Monday, Jun. 03, 1985

Tilting At Tax Reform

By Evan Thomas

The Internal Revenue Code is 2,052 pages long. To create it took decades of late-night horse trading, millions of pages of expert testimony and billions of dollars in political contributions, often pledged after (taxdeductible) three-martini lunches. To understand it requires the services of a well- paid lawyer. To reform it demands a monumental effort of political will.

For Ronald Reagan, the consummate salesman, tax reform promises to be the hardest sell of his presidency. This week he will launch a ballyhooed campaign to convince Congress that political salvation lies in rebuffing the swarms of special interests whose loopholes now ventilate the tax code. His method of persuasion, as ever, will be to preach over the heads of Congressmen to the voters who elect them.

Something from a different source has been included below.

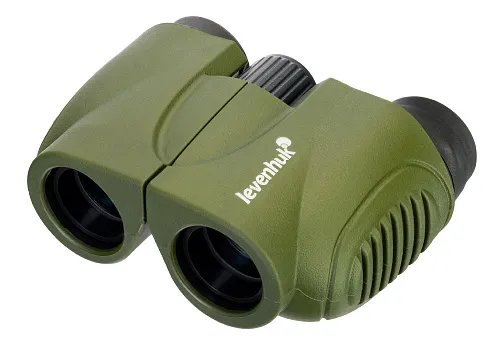 immagine binocolo Levenhuk Travel 8x21,  1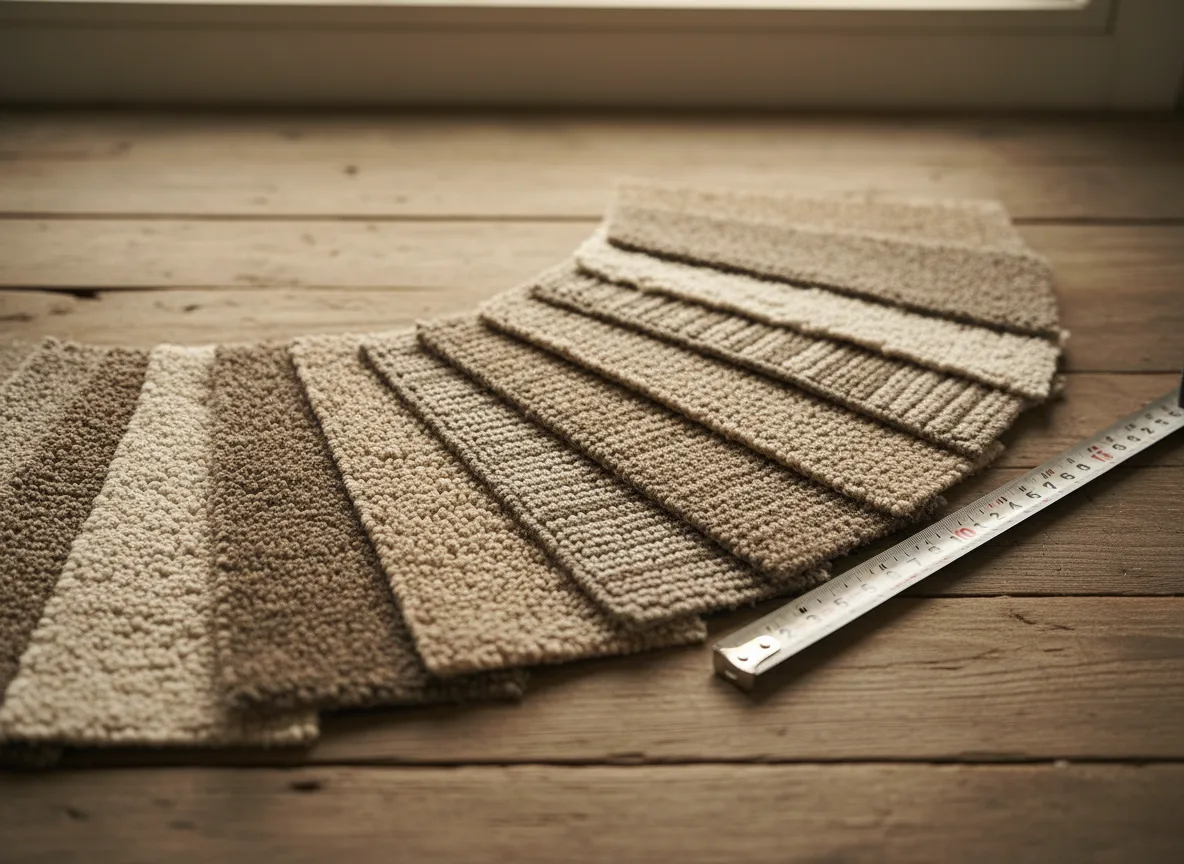 Carpet Installation Pine Grove, LA FAQs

In a nationwide television address Tuesday night, Reagan will grandly present tax reform as the final battle of what he calls "the Second American Revolution," his crusade to whittle down Big Government and spur opportunities for growth. He will hammer his message all week long at a series of photogenic forums, including a ceremony honoring the drafters of the Declaration of Independence, in Williamsburg, Va.

The package he will unveil, though already frayed by the persistent chafing of special interests, is still highly ambitious, at least when measured against the cautious norms of political reality. By closing or narrowing a raft of loopholes, it would simplify the tax code and allow reduced rates without loss of revenue to the Treasury. Most taxpayers would shell out less, the President will emphatically advertise, while businesses and the wealthy would be stripped of shelters that now reduce or even eliminate their tax burden. The top rate would drop from 50% to 35%; middle-income taxpayers would pay 25%, and those with lower incomes 15%. The personal exemption for every taxpayer would nearly double, from $1,040 this year to $2,000 as early as 1986.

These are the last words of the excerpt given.